JUSTICE O'CONNOR, dissenting.
- [W]here an otherwise acceptable construction of a statute would raise serious constitutional problems, the Court will construe the statute to avoid such problems unless such construction is plainly contrary to the intent of Congress.
Edward J. DeBartolo Corp. v. Florida Gulf Coast Building & Construction Trades Council, 485 U.S. 568, 575 (1988). JUSTICE BLACKMUN has explained well why this longstanding canon of statutory construction applies in this case, and I join Part I of his dissent. Part II demonstrates why the challenged regulations, which constitute the Secretary's interpretation of § 1008 of the Public Health Service Act, 84 Stat. 1508, 42 U.S.C. § 300a-6, "raise serious constitutional problems": the regulations place content-based restrictions on the speech of Title X fund recipients, restrictions directed precisely at speech concerning one of "the most divisive and contentious issues that our Nation has faced in recent years." Ante at 215.

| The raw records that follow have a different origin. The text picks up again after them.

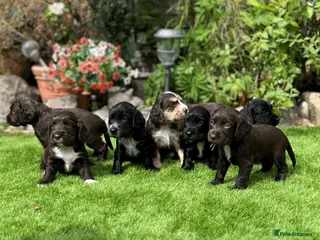 Cocker Spaniel dogs 6 Week old - Cocker Spaniel puppies - Advert 5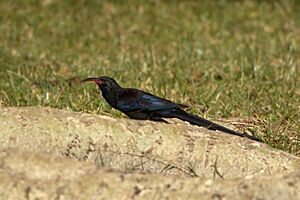 Black-billed Wood-hoopoe (Phoeniculus somaliensis).jpg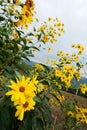 Wild yellow flowers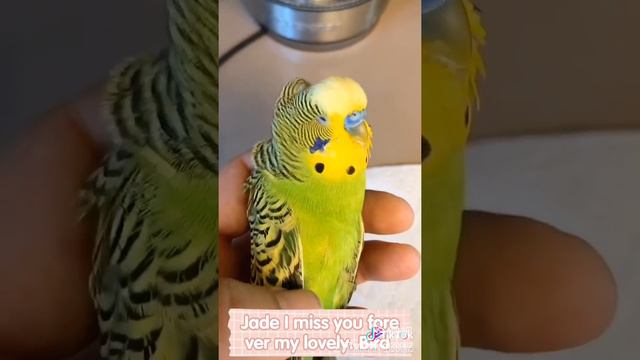 Heart broken for my lovely budgie “ Jade “ suddenly death after 2 years fantasy time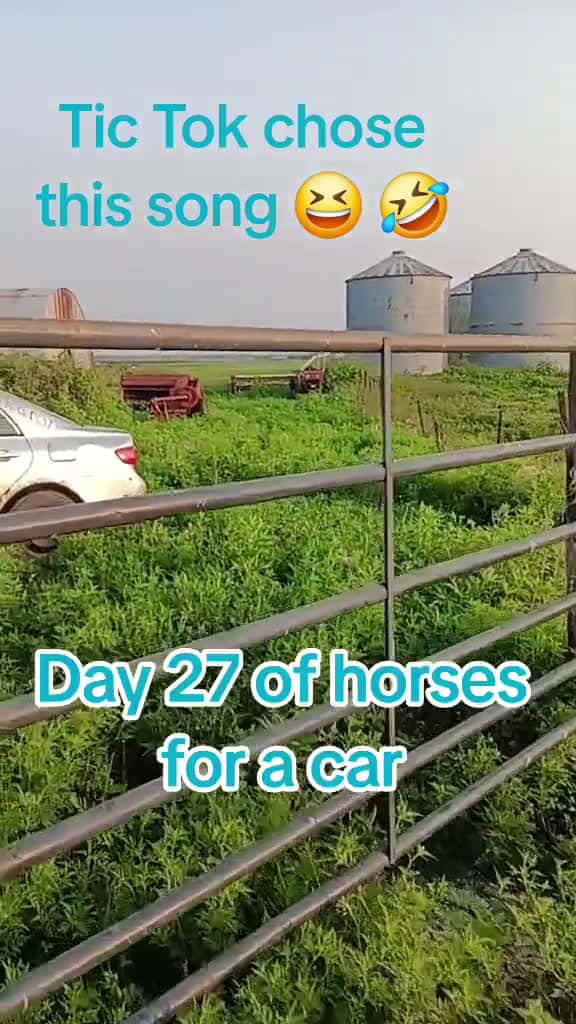 Cover for We are on day 27 of horses for a car. we have hit a major road block since I got acussed of inappropriate acts. So please if you have time share this out tag people help get more eyes on this. #chroniclyillpoorandmakingit #hors...
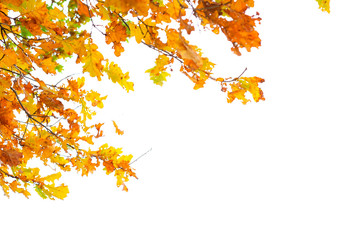 autumn orange leaves on a white background.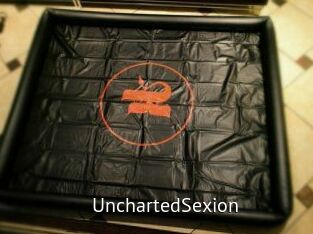 UnchartedSexion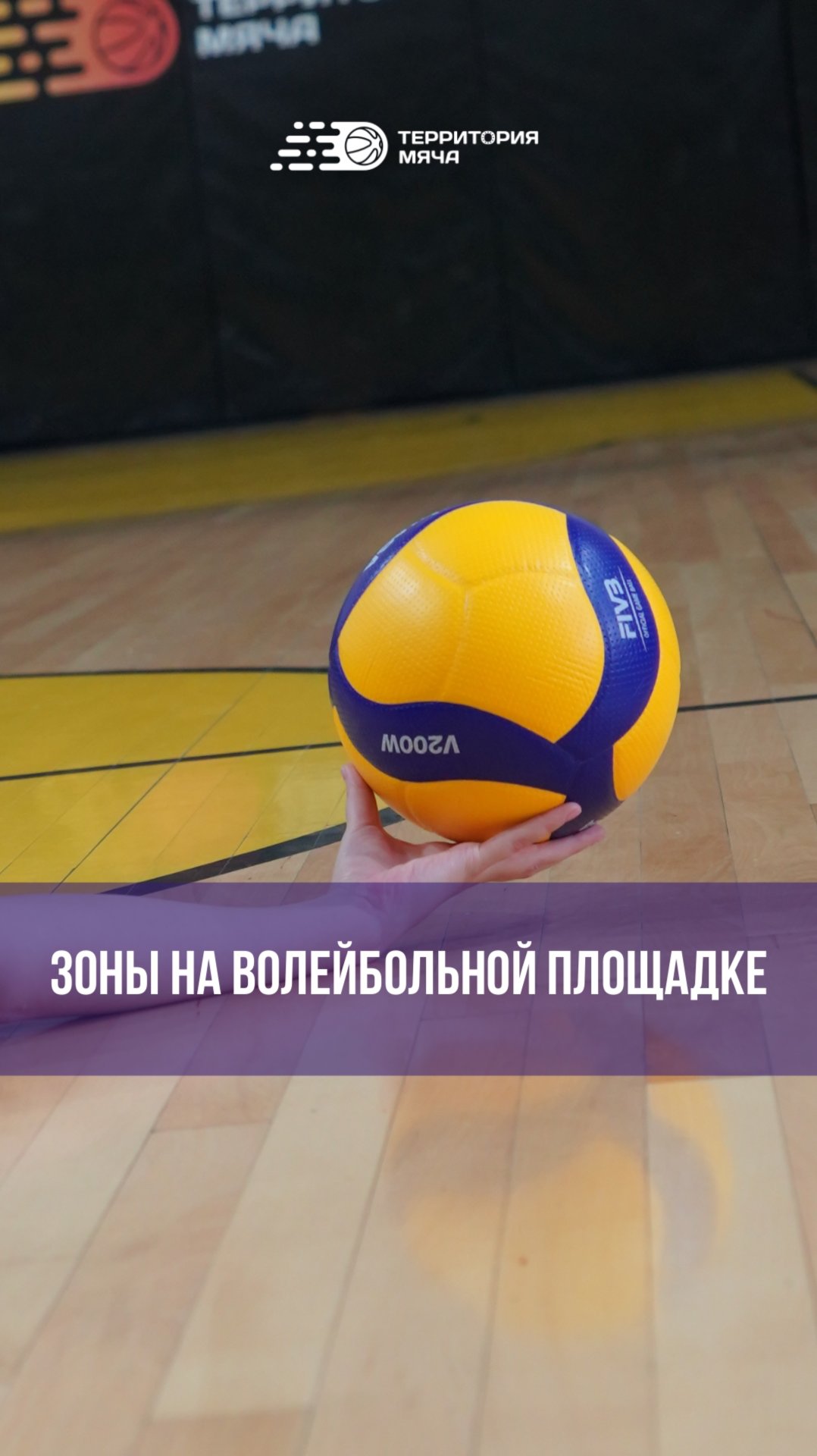 Зоны волейбольной площадки 🏐 смотреть онлайн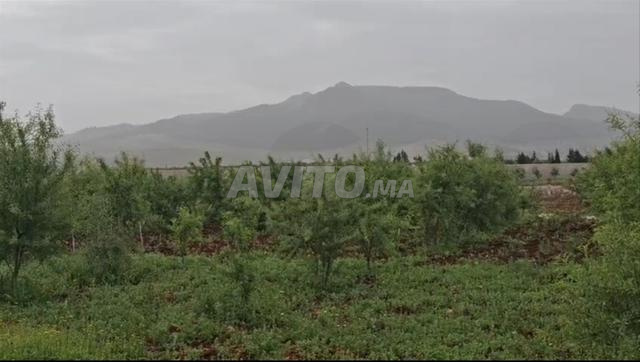 Land for sale 8326 m² in Sefrou — Photo 3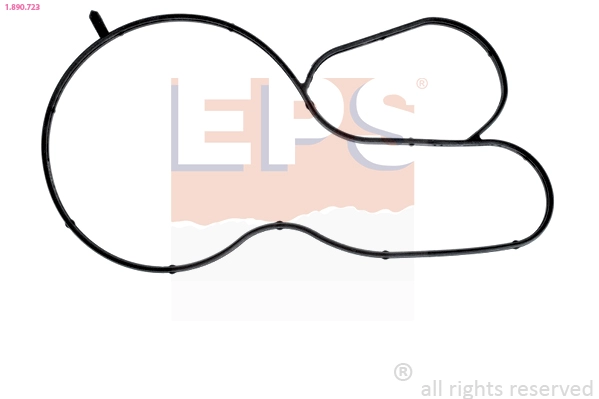 Seal, thermostat (1.890.723)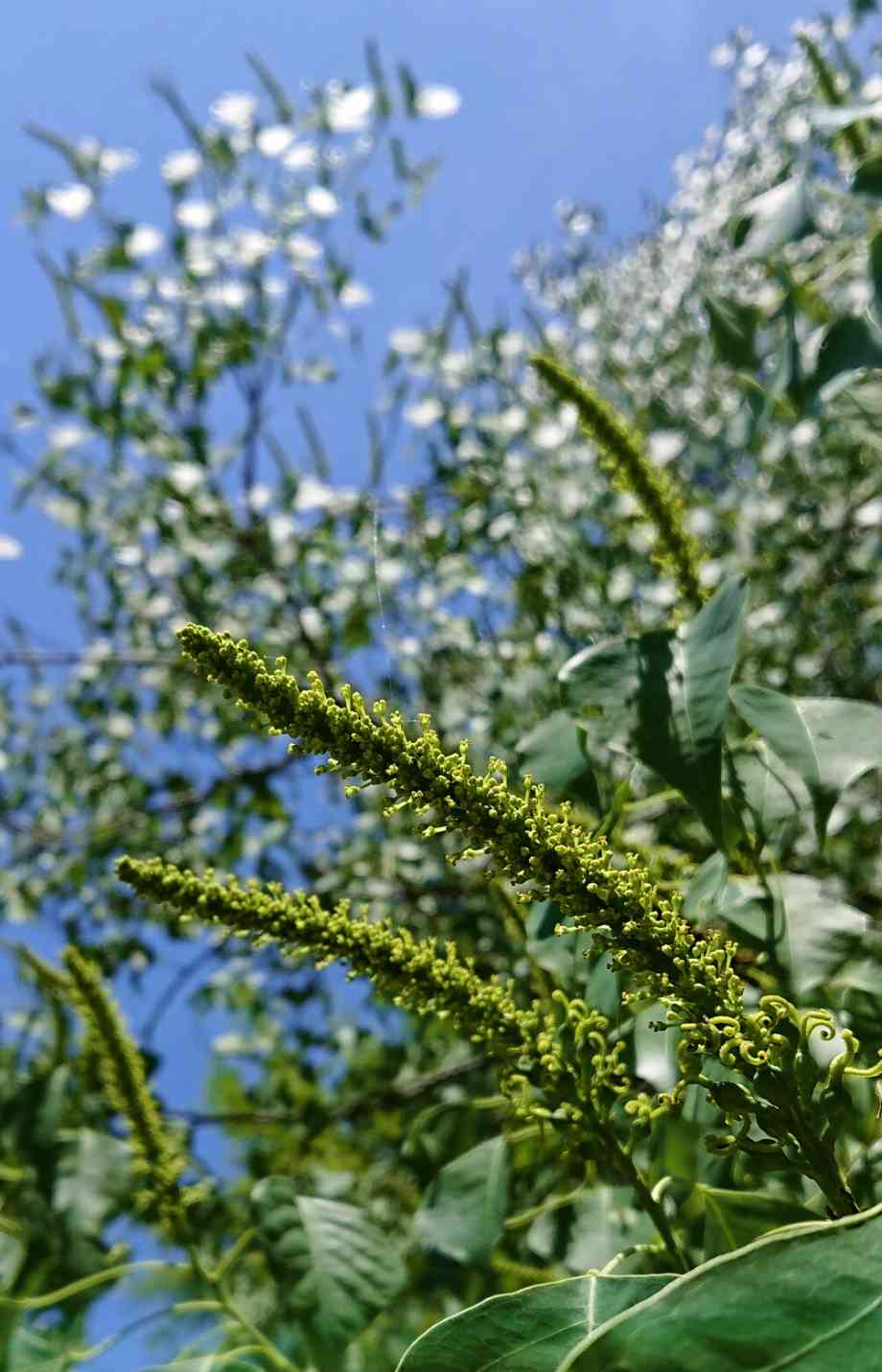 雑草対策】カインズの撒くだけで防草できる砂は本当に雑草が生え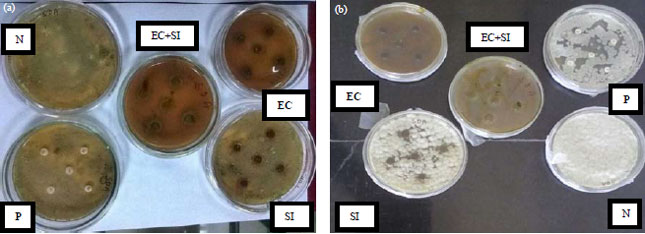 Image for - Antifungal Activity of Methanolic Extracts of Leaves of Eucalyptus citriodora and Saraca indica Against Fungal Isolates from Dermatological Disorders in Canines
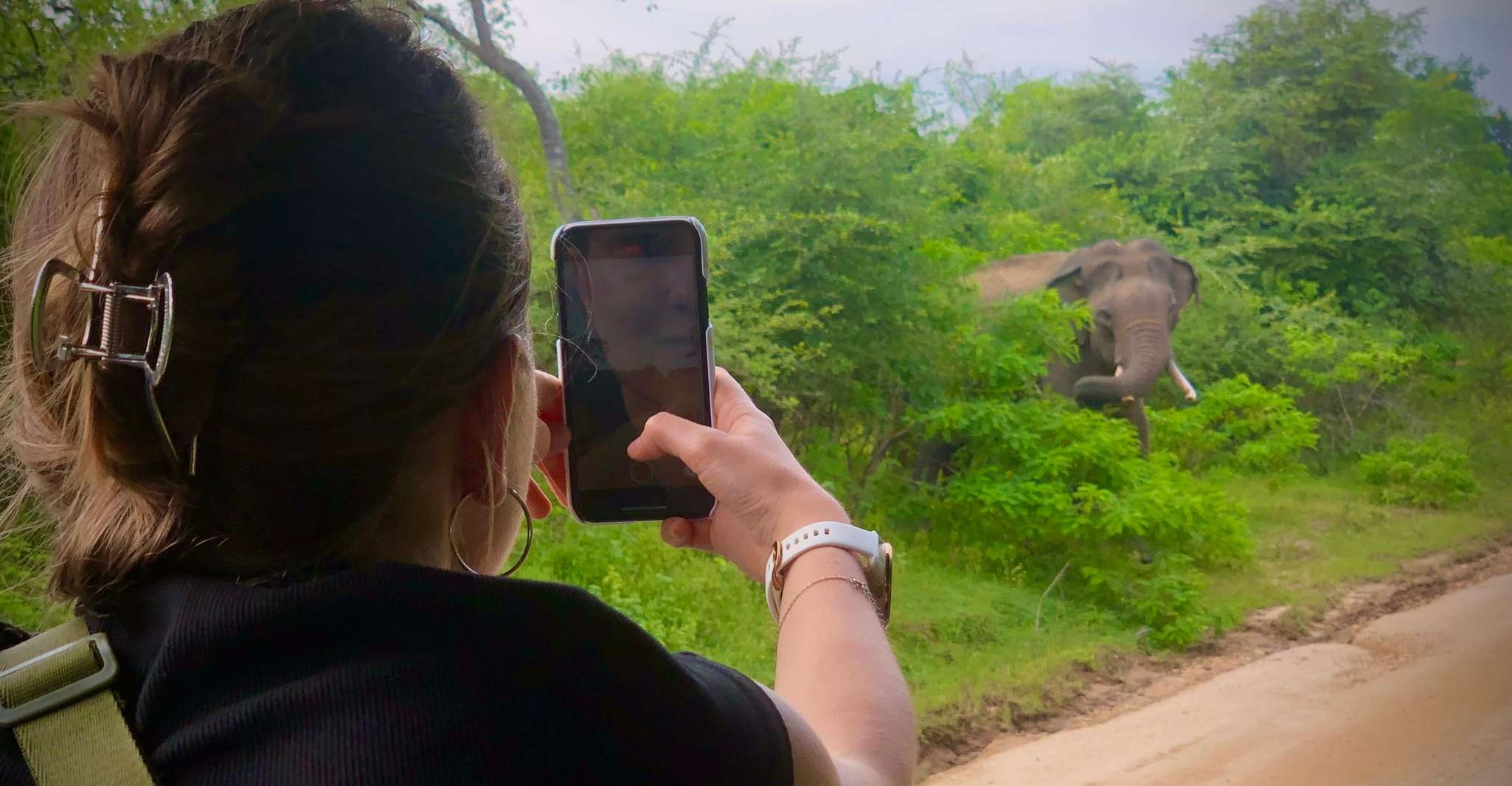 Halbtägige Wildtiersafari im Udawalawe-Nationalpark - Housity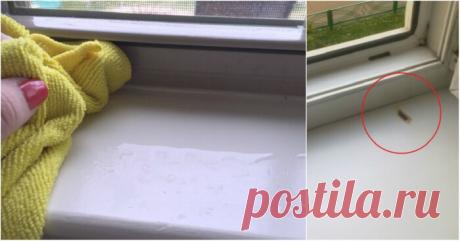 Как отбелить пожелтевшие пластиковые окна. Старые рамы засияют белизной | Тысяча и одна идея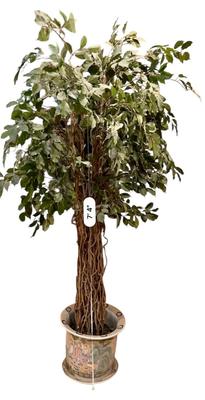 Decor - 7 ft Faux Tree in Chinoiserie Pot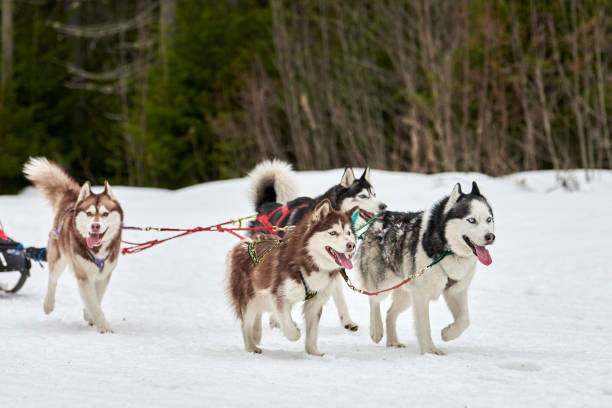 istock Running Husky dog on sled dog racing 1253841339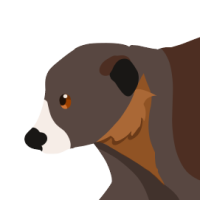 Thumbnail image for ANI-483: Rufus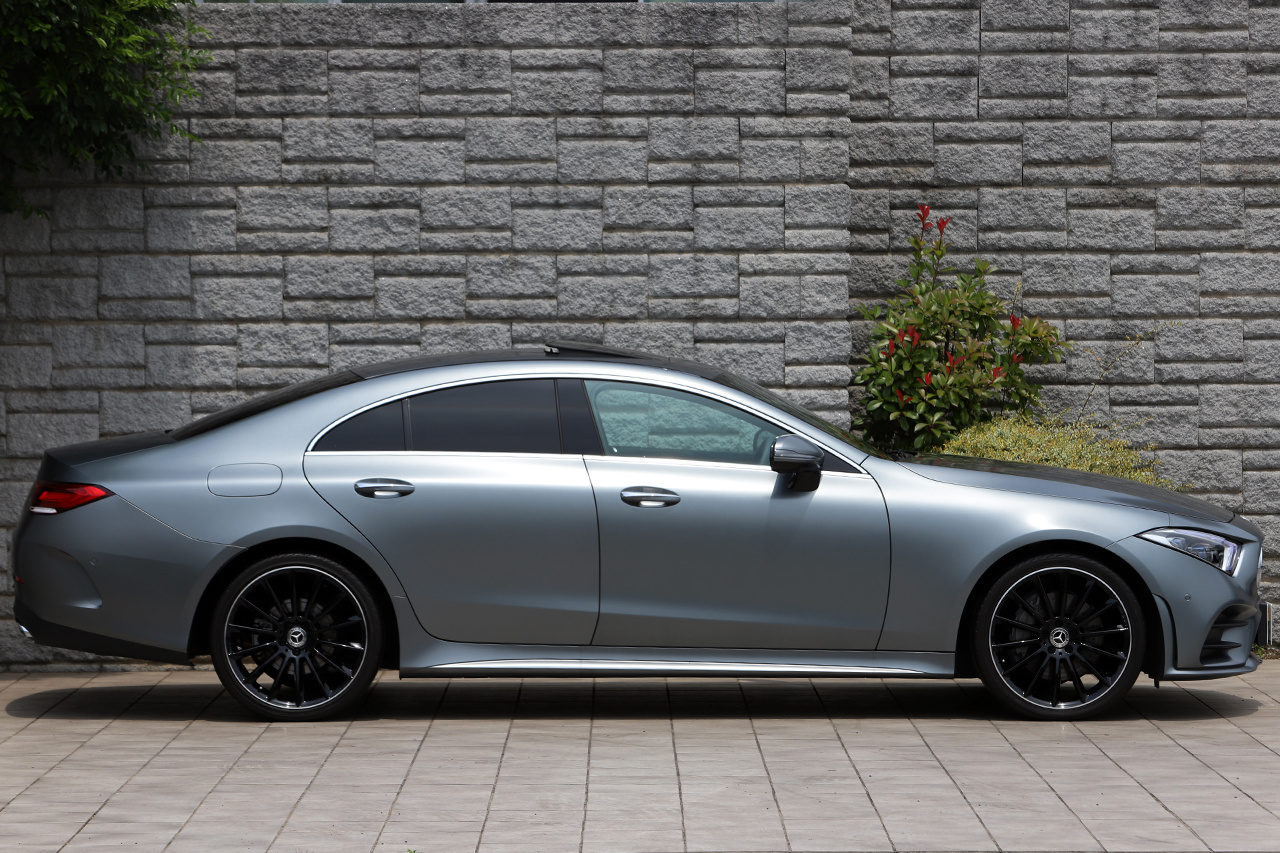2019 Mercedes-Benz CLS CLASS CLS220D SPOILER EKP | TOPRANK GLOBAL
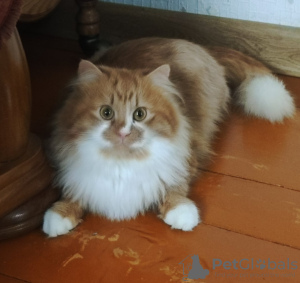 Foto №3. Ronnie ist ein rothaariges Wunder.. Weißrussland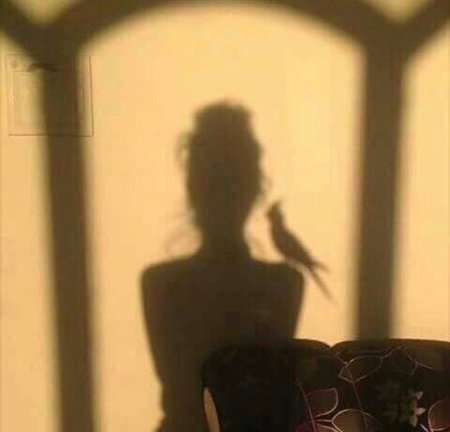 Фото тень девушки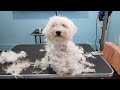 Grooming A Very Very Matted Maltese Girl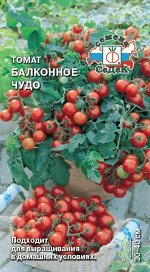 С Томат Балконное Чудо низкор, скороспелый, красный 30-40гр 0,1гр Седек/ЦВ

One may well conclude, as JUSTICE BLACKMUN does in Part II, that the regulations are unconstitutional for this reason. I do not join Part II of the dissent, however, for the same reason that I do not join Part III, in which JUSTICE [p224] BLACKMUN concludes that the regulations are unconstitutional under the Fifth Amendment. The canon of construction that JUSTICE BLACKMUN correctly applies here is grounded in large part upon our time-honored practice of not reaching constitutional questions unnecessarily. See DeBartolo, supra, at 575.
- It is a fundamental rule of judicial restraint . . . that this Court will not reach constitutional questions in advance of the necessity of deciding them.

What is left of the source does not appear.